What is Parsing? (You can click this link to see the Wikipedia article)
In short parsing is taking chunks of data and replacing them with something else, based on the chunk you took out.
So why is this useful you may ask. Lets take a look at a problem the users of OpsWeb (The Intranet site I develop) had. One of the largest parts of OpsWeb is the article section. There are over 600 technical articles and more being added every week. A lot of times users will want to link from one article to another. To do this they had to add a normal HTML link. Even thou my user population is made of IT staff and programmers most of them have little or no experience with HTML. This made linking hard, and it should be easy. We want lots of links to help connect information together.
Here is the solution:
From now on to add a link to an article you do not use HTML. You now write the link as [[article#]], or [[article#:link text]].
Examples:
[[530]] When the page is displayed it is shown as OpsWeb Improvements and Changes
[[530:List of Changes]] -> List of Changes
Both of the examples make a link to article 530, and the only thing the user needs to know is the number of the article. (The users are very aware of the article numbers as they are used as a short hand reference on process flowcharts and emails. Example "Hay Bob i need you to preform the reset procedure from article 126")
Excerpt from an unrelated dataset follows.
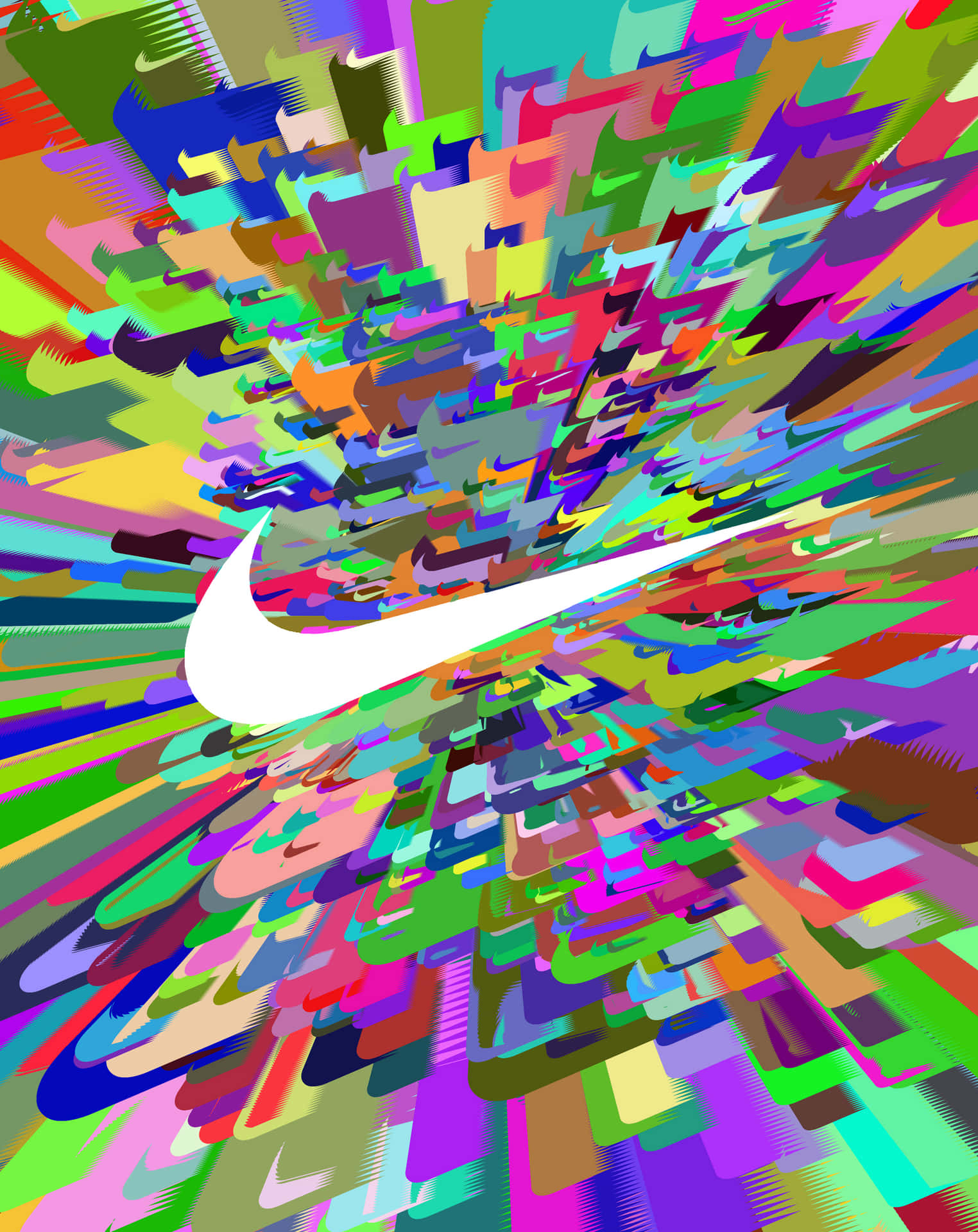 Logoda Nike Em Um Padrão Abstrato E Colorido Para Papel De Parede De Computador Ou Celular.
How to write a simple text parser in PHP
Enough into on to the good stuff. Lets look at some code.
public function body_parser($text){
//paser to prossess body text of an article
$result = preg_replace_callback("/\[\[(\d+)\]\]/", array($this, 'p_format_link'), $text);
$result = preg_replace_callback("/\[\[(\d+):(.*)\]\]/", array($this, 'p_format_link_with_text'), $result);
return $result;
}
public function p_format_link($given){
return
"<a href="http://egondev.com/opsweb/articles/articles_control.php?action=display_one&record_id=">"
.$this->get_title_from_id_DB($given[1])
."</a>";
}
public function p_format_link_with_text($given){
return
"<a href="http://egondev.com/opsweb/articles/articles_control.php?action=display_one&record_id=">"
.$given[2]
."</a>";
}
The Function body_parser finds all of our link tags (the [[article#]] bits) using regular expressions and then pass the links to one of the other 2 functions to be formatted in to HTML. Then it puts the formatted text into the body in place of our link tag.
Example:
$body = "hello I am a short article with a link to [[530]]";
$body = body_parser($body);
echo $body;
>> "hello I am a short article with a link to OpsWeb Improvements and Changes"
The heart of this thing is the preg_replace_callback function. What it does is it searches a string using a regular expression. When it finds a match in that string it calls the function given as the second param and pass the regular expression match to the function. Then it will replace the matched part of the sting with the return of the function.
mixed preg_replace_callback ( mixed $pattern , callback $callback , mixed $subject [, int $limit [, int &$count ]] )
Lets take a look at one of the preg_replace_callback lines from my parser
$result = preg_replace_callback("/\[\[(\d+)\]\]/", array($this, 'p_format_link'), $text);
- "/\[\[(\d+)\]\]/" will match any chunk of text starting with [[ followed by 1 or more digits and ending with ]]
- The (\d+) part of the expression will give us just the digits as a sub part of the matched text.
- array($this, 'p_format_link') this is the call back function. The syntax looks odd because all 3 of these functions are in a class to reference the call back function correctly you need to use this form. With out a class structure it would just be the name of the function you want to pass the match to. No ()s.
- $text is the sting we a passing to the preg_replace_callback function.
- $result is the new string with the matches subsited with the return form the call back function.